(RECORDS PROVIDED begins)
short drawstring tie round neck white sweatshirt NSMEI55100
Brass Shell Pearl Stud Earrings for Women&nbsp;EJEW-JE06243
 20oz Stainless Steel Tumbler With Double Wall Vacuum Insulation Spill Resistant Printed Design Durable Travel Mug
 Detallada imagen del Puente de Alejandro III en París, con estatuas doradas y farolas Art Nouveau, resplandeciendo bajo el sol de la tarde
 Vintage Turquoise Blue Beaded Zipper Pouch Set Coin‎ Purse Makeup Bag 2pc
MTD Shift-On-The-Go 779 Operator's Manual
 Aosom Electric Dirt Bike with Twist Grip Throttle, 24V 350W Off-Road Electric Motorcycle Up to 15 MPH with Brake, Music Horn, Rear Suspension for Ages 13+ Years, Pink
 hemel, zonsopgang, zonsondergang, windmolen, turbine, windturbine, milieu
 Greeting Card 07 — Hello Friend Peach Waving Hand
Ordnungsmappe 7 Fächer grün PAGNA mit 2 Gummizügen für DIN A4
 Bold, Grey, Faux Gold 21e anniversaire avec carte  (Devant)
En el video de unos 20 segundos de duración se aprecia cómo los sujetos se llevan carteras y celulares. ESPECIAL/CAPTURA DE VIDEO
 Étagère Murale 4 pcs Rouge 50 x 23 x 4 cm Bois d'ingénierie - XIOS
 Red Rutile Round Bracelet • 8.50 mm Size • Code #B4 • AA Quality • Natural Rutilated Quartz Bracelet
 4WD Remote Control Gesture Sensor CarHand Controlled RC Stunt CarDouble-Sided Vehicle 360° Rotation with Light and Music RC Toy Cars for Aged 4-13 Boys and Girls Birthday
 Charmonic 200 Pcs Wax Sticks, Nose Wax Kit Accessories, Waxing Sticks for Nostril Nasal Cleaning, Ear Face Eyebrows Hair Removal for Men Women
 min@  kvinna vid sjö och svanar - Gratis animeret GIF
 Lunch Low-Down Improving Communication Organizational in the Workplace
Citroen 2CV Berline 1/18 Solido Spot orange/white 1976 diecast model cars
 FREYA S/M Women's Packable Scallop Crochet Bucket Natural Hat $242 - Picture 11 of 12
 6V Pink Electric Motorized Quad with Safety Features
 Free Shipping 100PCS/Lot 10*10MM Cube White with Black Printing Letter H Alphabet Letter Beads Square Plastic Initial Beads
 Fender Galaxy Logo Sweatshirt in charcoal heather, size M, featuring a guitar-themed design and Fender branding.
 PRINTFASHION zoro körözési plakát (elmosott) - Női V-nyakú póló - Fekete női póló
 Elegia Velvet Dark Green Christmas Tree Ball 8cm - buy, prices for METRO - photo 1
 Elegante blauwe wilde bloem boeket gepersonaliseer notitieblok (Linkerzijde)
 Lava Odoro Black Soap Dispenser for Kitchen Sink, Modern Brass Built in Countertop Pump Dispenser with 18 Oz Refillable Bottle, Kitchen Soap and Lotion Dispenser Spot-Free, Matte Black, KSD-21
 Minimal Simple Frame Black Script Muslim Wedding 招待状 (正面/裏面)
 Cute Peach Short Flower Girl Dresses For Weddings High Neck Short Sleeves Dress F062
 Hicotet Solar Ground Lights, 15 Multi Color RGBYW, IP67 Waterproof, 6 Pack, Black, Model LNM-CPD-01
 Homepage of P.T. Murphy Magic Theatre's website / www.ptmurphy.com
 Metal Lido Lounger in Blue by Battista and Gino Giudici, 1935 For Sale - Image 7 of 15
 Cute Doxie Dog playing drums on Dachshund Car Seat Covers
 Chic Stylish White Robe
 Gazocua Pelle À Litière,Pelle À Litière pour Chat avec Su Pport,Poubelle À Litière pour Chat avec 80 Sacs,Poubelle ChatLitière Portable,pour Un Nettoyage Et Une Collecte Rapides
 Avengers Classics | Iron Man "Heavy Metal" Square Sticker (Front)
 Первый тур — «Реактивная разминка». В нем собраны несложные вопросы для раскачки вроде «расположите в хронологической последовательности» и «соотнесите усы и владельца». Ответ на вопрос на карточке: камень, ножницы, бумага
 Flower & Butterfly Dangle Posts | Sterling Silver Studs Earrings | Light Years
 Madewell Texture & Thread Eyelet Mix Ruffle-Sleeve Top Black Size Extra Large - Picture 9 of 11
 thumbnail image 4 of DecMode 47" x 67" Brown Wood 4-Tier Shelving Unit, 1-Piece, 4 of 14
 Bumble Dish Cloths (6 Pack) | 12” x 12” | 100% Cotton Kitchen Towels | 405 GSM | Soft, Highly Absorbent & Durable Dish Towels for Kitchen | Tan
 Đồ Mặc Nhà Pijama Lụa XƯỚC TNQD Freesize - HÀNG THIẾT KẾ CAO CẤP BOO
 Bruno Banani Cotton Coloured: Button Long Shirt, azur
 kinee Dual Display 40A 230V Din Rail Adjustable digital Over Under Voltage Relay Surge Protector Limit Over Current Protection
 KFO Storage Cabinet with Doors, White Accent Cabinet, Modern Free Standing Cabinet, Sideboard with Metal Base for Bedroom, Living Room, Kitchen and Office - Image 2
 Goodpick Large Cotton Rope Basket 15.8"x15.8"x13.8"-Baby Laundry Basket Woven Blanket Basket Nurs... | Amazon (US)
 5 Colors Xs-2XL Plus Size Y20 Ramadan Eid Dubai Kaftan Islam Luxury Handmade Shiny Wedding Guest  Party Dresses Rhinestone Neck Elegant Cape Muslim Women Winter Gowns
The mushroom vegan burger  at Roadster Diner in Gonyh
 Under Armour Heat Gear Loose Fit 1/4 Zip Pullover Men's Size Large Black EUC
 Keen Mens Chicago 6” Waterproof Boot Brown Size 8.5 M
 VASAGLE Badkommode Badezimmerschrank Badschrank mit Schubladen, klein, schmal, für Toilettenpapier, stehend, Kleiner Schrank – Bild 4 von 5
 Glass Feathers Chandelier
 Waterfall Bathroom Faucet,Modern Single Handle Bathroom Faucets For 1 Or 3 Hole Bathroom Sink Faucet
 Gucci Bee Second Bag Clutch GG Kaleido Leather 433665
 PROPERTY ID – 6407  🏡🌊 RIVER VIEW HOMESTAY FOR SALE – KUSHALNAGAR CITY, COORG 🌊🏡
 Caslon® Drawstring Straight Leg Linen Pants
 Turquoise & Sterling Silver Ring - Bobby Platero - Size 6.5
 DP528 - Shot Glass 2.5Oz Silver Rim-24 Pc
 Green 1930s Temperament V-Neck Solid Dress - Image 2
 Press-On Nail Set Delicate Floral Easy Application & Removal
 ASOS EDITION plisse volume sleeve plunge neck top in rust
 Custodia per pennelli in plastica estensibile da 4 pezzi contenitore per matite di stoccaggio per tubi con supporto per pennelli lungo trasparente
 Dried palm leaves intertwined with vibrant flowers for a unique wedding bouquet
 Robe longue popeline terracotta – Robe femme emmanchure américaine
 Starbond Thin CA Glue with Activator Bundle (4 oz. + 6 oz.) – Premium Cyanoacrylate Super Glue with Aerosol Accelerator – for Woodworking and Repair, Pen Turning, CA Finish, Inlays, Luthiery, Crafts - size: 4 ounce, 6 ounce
(RECORDS PROVIDED ends)
The answer must be a word-for-word transcription of every record above.

▸ **ANSWER TO THIS PROBLEM**:
short drawstring tie round neck white sweatshirt NSMEI55100
Brass Shell Pearl Stud Earrings for Women&nbsp;EJEW-JE06243
 20oz Stainless Steel Tumbler With Double Wall Vacuum Insulation Spill Resistant Printed Design Durable Travel Mug
 Detallada imagen del Puente de Alejandro III en París, con estatuas doradas y farolas Art Nouveau, resplandeciendo bajo el sol de la tarde
 Vintage Turquoise Blue Beaded Zipper Pouch Set Coin‎ Purse Makeup Bag 2pc
MTD Shift-On-The-Go 779 Operator's Manual
 Aosom Electric Dirt Bike with Twist Grip Throttle, 24V 350W Off-Road Electric Motorcycle Up to 15 MPH with Brake, Music Horn, Rear Suspension for Ages 13+ Years, Pink
 hemel, zonsopgang, zonsondergang, windmolen, turbine, windturbine, milieu
 Greeting Card 07 — Hello Friend Peach Waving Hand
Ordnungsmappe 7 Fächer grün PAGNA mit 2 Gummizügen für DIN A4
 Bold, Grey, Faux Gold 21e anniversaire avec carte  (Devant)
En el video de unos 20 segundos de duración se aprecia cómo los sujetos se llevan carteras y celulares. ESPECIAL/CAPTURA DE VIDEO
 Étagère Murale 4 pcs Rouge 50 x 23 x 4 cm Bois d'ingénierie - XIOS
 Red Rutile Round Bracelet • 8.50 mm Size • Code #B4 • AA Quality • Natural Rutilated Quartz Bracelet
 4WD Remote Control Gesture Sensor CarHand Controlled RC Stunt CarDouble-Sided Vehicle 360° Rotation with Light and Music RC Toy Cars for Aged 4-13 Boys and Girls Birthday
 Charmonic 200 Pcs Wax Sticks, Nose Wax Kit Accessories, Waxing Sticks for Nostril Nasal Cleaning, Ear Face Eyebrows Hair Removal for Men Women
 min@  kvinna vid sjö och svanar - Gratis animeret GIF
 Lunch Low-Down Improving Communication Organizational in the Workplace
Citroen 2CV Berline 1/18 Solido Spot orange/white 1976 diecast model cars
 FREYA S/M Women's Packable Scallop Crochet Bucket Natural Hat $242 - Picture 11 of 12
 6V Pink Electric Motorized Quad with Safety Features
 Free Shipping 100PCS/Lot 10*10MM Cube White with Black Printing Letter H Alphabet Letter Beads Square Plastic Initial Beads
 Fender Galaxy Logo Sweatshirt in charcoal heather, size M, featuring a guitar-themed design and Fender branding.
 PRINTFASHION zoro körözési plakát (elmosott) - Női V-nyakú póló - Fekete női póló
 Elegia Velvet Dark Green Christmas Tree Ball 8cm - buy, prices for METRO - photo 1
 Elegante blauwe wilde bloem boeket gepersonaliseer notitieblok (Linkerzijde)
 Lava Odoro Black Soap Dispenser for Kitchen Sink, Modern Brass Built in Countertop Pump Dispenser with 18 Oz Refillable Bottle, Kitchen Soap and Lotion Dispenser Spot-Free, Matte Black, KSD-21
 Minimal Simple Frame Black Script Muslim Wedding 招待状 (正面/裏面)
 Cute Peach Short Flower Girl Dresses For Weddings High Neck Short Sleeves Dress F062
 Hicotet Solar Ground Lights, 15 Multi Color RGBYW, IP67 Waterproof, 6 Pack, Black, Model LNM-CPD-01
 Homepage of P.T. Murphy Magic Theatre's website / www.ptmurphy.com
 Metal Lido Lounger in Blue by Battista and Gino Giudici, 1935 For Sale - Image 7 of 15
 Cute Doxie Dog playing drums on Dachshund Car Seat Covers
 Chic Stylish White Robe
 Gazocua Pelle À Litière,Pelle À Litière pour Chat avec Su Pport,Poubelle À Litière pour Chat avec 80 Sacs,Poubelle ChatLitière Portable,pour Un Nettoyage Et Une Collecte Rapides
 Avengers Classics | Iron Man "Heavy Metal" Square Sticker (Front)
 Первый тур — «Реактивная разминка». В нем собраны несложные вопросы для раскачки вроде «расположите в хронологической последовательности» и «соотнесите усы и владельца». Ответ на вопрос на карточке: камень, ножницы, бумага
 Flower & Butterfly Dangle Posts | Sterling Silver Studs Earrings | Light Years
 Madewell Texture & Thread Eyelet Mix Ruffle-Sleeve Top Black Size Extra Large - Picture 9 of 11
 thumbnail image 4 of DecMode 47" x 67" Brown Wood 4-Tier Shelving Unit, 1-Piece, 4 of 14
 Bumble Dish Cloths (6 Pack) | 12” x 12” | 100% Cotton Kitchen Towels | 405 GSM | Soft, Highly Absorbent & Durable Dish Towels for Kitchen | Tan
 Đồ Mặc Nhà Pijama Lụa XƯỚC TNQD Freesize - HÀNG THIẾT KẾ CAO CẤP BOO
 Bruno Banani Cotton Coloured: Button Long Shirt, azur
 kinee Dual Display 40A 230V Din Rail Adjustable digital Over Under Voltage Relay Surge Protector Limit Over Current Protection
 KFO Storage Cabinet with Doors, White Accent Cabinet, Modern Free Standing Cabinet, Sideboard with Metal Base for Bedroom, Living Room, Kitchen and Office - Image 2
 Goodpick Large Cotton Rope Basket 15.8"x15.8"x13.8"-Baby Laundry Basket Woven Blanket Basket Nurs... | Amazon (US)
 5 Colors Xs-2XL Plus Size Y20 Ramadan Eid Dubai Kaftan Islam Luxury Handmade Shiny Wedding Guest  Party Dresses Rhinestone Neck Elegant Cape Muslim Women Winter Gowns
The mushroom vegan burger  at Roadster Diner in Gonyh
 Under Armour Heat Gear Loose Fit 1/4 Zip Pullover Men's Size Large Black EUC
 Keen Mens Chicago 6” Waterproof Boot Brown Size 8.5 M
 VASAGLE Badkommode Badezimmerschrank Badschrank mit Schubladen, klein, schmal, für Toilettenpapier, stehend, Kleiner Schrank – Bild 4 von 5
 Glass Feathers Chandelier
 Waterfall Bathroom Faucet,Modern Single Handle Bathroom Faucets For 1 Or 3 Hole Bathroom Sink Faucet
 Gucci Bee Second Bag Clutch GG Kaleido Leather 433665
 PROPERTY ID – 6407  🏡🌊 RIVER VIEW HOMESTAY FOR SALE – KUSHALNAGAR CITY, COORG 🌊🏡
 Caslon® Drawstring Straight Leg Linen Pants
 Turquoise & Sterling Silver Ring - Bobby Platero - Size 6.5
 DP528 - Shot Glass 2.5Oz Silver Rim-24 Pc
 Green 1930s Temperament V-Neck Solid Dress - Image 2
 Press-On Nail Set Delicate Floral Easy Application & Removal
 ASOS EDITION plisse volume sleeve plunge neck top in rust
 Custodia per pennelli in plastica estensibile da 4 pezzi contenitore per matite di stoccaggio per tubi con supporto per pennelli lungo trasparente
 Dried palm leaves intertwined with vibrant flowers for a unique wedding bouquet
 Robe longue popeline terracotta – Robe femme emmanchure américaine
 Starbond Thin CA Glue with Activator Bundle (4 oz. + 6 oz.) – Premium Cyanoacrylate Super Glue with Aerosol Accelerator – for Woodworking and Repair, Pen Turning, CA Finish, Inlays, Luthiery, Crafts - size: 4 ounce, 6 ounce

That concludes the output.